Ils racontent aussi quelque chose de nos partages en tête-à-tête, loin des fêtes mémorables que Catherine et R., son ancien ami, donnaient dans leur maison de Montreuil : ces moments de pudeur et de brusqueries où l'on se confiait l'un à l'autre par-dessus la table d'un café.

Ce matin je vais à la cérémonie au crématorium, et je reste assez étranger aux discours que prononcent les membres de sa famille, ne retrouvant Catherine que dans les photos qui défilent sur un écran au centre de la salle, pouvant difficilement détacher mon regard de la succession de ces moments figés, puis dans quelques mots par lesquels R. relate sa ou plutôt ses premières rencontres avec Catherine. 

On sait bien que ce qui fait l'autre, c'est aussi la part de lui qu'on a intégré à l'intérieur de soi. Donc je repars avec ma part de Cathoune à l'intérieur de moi, cheminant puis déjeunant avec M., qui vit ce décès, elle aussi, dans sa singularité.

Des heures plus tard, c'est-à-dire ce soir, j'essaye de chasser les idées de justice et d'injustice qui me viennent en tête quand je retrouve ma mère dans sa maison de retraite, ma mère si vieille dont la raison est arrêtée mais dont la vie continue. Je grince un peu à l'entendre déclamer, comme habituellement, "je t'aime je t'aime je t'aime tellement", alors que j'en ai sûrement moins besoin que le jeune C., le fils de Cath, qui est maintenant sans sa maman. Quand je pense que certaines personnes ont inventé le concept de dessein intelligent...

N'ayant aucune honte à mes rituels païens et magiques, une fois rentré chez moi je farfouille dans mon iPhone et j'attribue au profil de Catherine une photo qui date de quelques jours avant son décès, où elle est belle et fière, bien que son numéro ne sonnera plus jamais.
Puis je relis un de nos derniers échanges de sms, et ses phrases qui m'ont donné l'impression de rentrer dans son corps, lorsque je les ai lues : "C'est superbe de t'avoir parlé.
Je le ressens."

Un vrai cadeau. Chacun intègre l'autre.

lundi 8 avril 2019

et mourir aussi

Je me promène rarement dans ce quartier, et c'est il y a maintenant trois semaines que j'ai découvert l'imposant Monument aux morts parisiens boulevard Ménilmontant. Pour ceux qui ne le connaissent pas, c'est, sur le mur du cimetière du Père-Lachaise, une longue plaque de métal de plus de 270 mètres portant le nom de tous les soldats parisiens morts à la guerre de 14-18 : 94 415 exactement, répartis selon les années du décès.

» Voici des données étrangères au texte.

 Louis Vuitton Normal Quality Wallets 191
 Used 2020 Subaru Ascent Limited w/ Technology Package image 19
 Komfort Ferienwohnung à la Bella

Détail du Monument aux morts parisiens,
le long du cimetière du Père-Lachaise.
J'ai longé le monument en cherchant à chaque année si mon patronyme y apparaissait. Finalement j'ai trouvé un Asselineau en 1917. Sur le site Mémorial 14-18, on peut avoir des informations supplémentaires sur les soldats. La date exacte et le lieu du décès, et pour certains d'autres infos encore. Celles que je tiens sur ce Georges Eugène ne me viennent pas de cette source mais de ma soeur et de sa passion de la généalogie : le pauvre homme est mort une quinzaine de jours avant ses vingt ans, il était mouleur de profession.

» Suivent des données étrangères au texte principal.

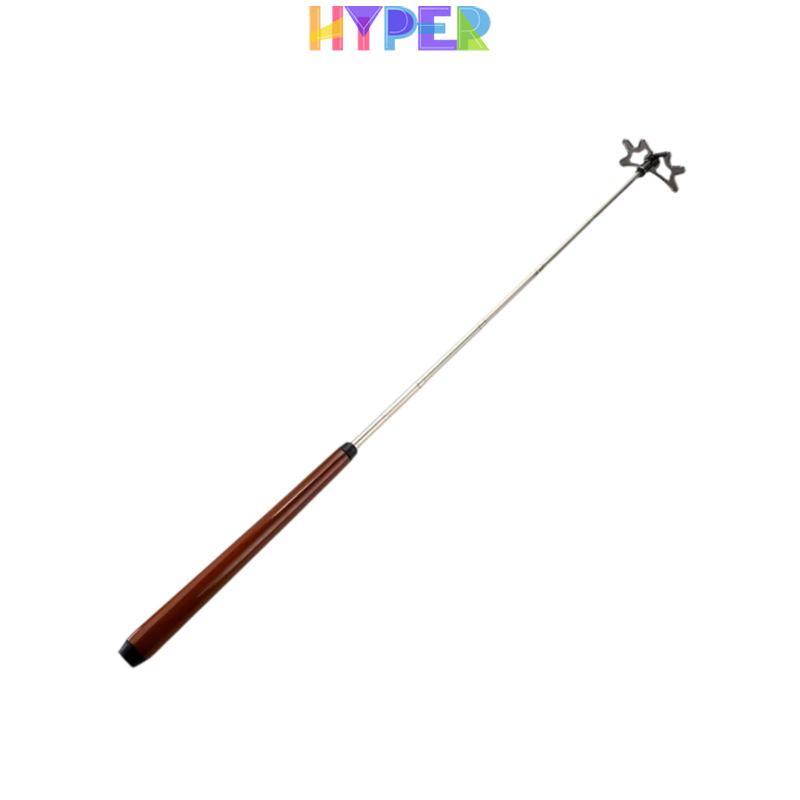 Pool Cue Bridge Stick Supplies Phụ kiện Snooker cho cuộc thi trò chơi câu lạc bộ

Ce jour-là donc, je remonte le boulevard joyeusement car je vais faire des courses, qui me réjouissent d'avance, dans une échoppe qui n'est ouverte que les samedis. C'est d'ailleurs un jour de légèreté où il fait très beau, et ce côté-là du cimetière est pour moi le côté touristique, presque distrayant du lieu.

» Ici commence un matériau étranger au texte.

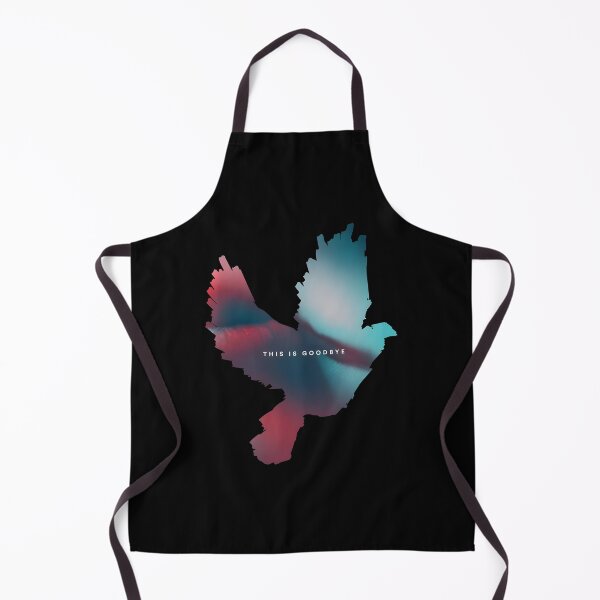 Item preview, Imminence - This is Goodbye Cover designed and sold by FiveFifteen.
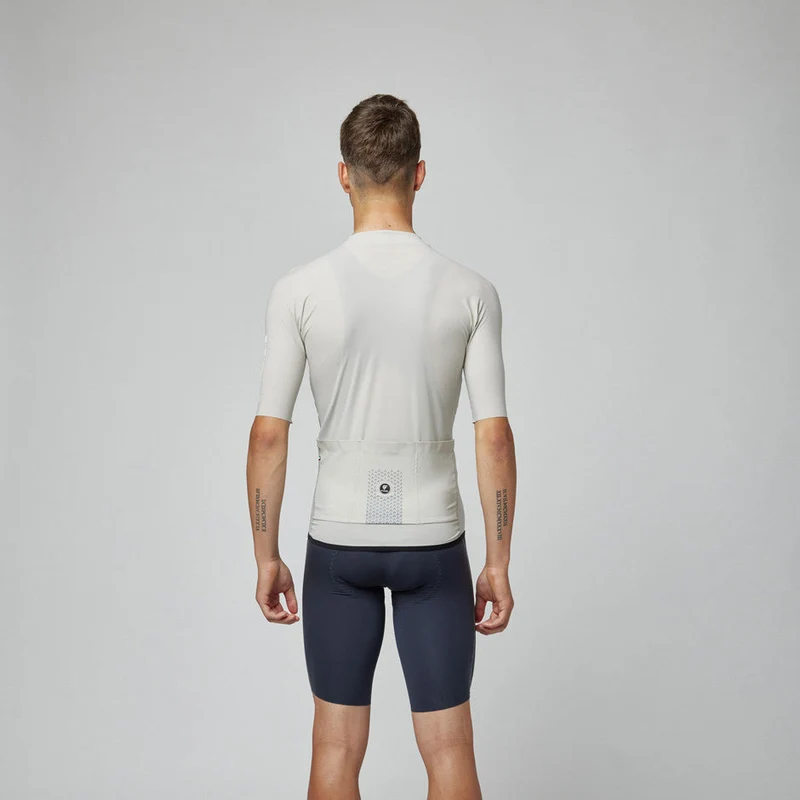 Maglia Pissei Primapelle LTD - Grigio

J'ai quant à moi l'habitude de l'entrée côté Gambetta, proche du crématorium, où je me suis rendu de trop nombreuses fois à mon goût dans ma jeunesse, et que je vais retrouver amèrement mercredi prochain pour célébrer une amie disparue brutalement. Le genre de personne dont on aurait dit "Elle est la vie même", et pourtant.

Exemples de créations du Tampographe Sardon, rue du Repos à Paris.

Mais donc, je viens de l'écrire, ce jour-là je ne sais rien des événements tragiques qui se développent dans l'ombre et je rejoins, rue du Repos, l'atelier-boutique du Tampographe Sardon, découvert je ne sais plus comment au hasard d'Internet. L'artiste, créateur d'images et de tampons, est un as de l'humour noir et du "mauvais esprit" poétique. Il réalise notamment des oeuvres plus ou moins grinçantes ou décalées, en bi ou trichromie, à refaire chez soi avec les tampons ad hoc, dont l'exemple ci-dessus n'est pas le meilleur, mais je souhaitais rester dans mon thème...

lundi 1 avril 2019

vieillir, donc...

... pour répondre au commentaire de SdA, lecteur à l'oeil de lynx.
L'autre jour j'étais chez le coiffeur - à l'endroit même où, environ un mois avant, à l'issue de ma dernière coupe, un homme avait commenté : "Vous avez-gagné cinq ans!" (traduire : vous avez rajeuni de cinq ans) -, et alors que Sélim officiait à la tondeuse, je n'ai pas reconnu immédiatement mes propres cheveux tombant sur mes cuisses. Incrédule, il m'a fallu quelques secondes pour admettre que ces touffes grisâtres, qui me faisaient penser à la bourre qu'un âne aurait laissée à un fil barbelé, étaient bien mes cheveux, les miens, ceux qui poussent maintenant sur ma tête.
En entrant, curieusement, j'avais noté que le coiffeur lui-même présentait une zone argentée sur la tempe.
- C'est incroyable ce que mes cheveux sont gris maintenant, ai-je lancé à Sélim, ils n'étaient pas comme ça quand on s'est connus !
Je ne calcule pas, d'ailleurs, depuis combien d'années je le connais.
Il sourit. J'enchaîne sur le devenir du restaurant en face dans la rue, qui ne cesse de fermer et de changer de propriétaire. A ce propos, Sélim m'annonce que celui de ses nombreux frères qui travaillait à ses côtés dans le salon de coiffure va ouvrir son propre commerce non loin. C'est aussi une marque du temps qui passe, le jeune frère a déjà 37 ans.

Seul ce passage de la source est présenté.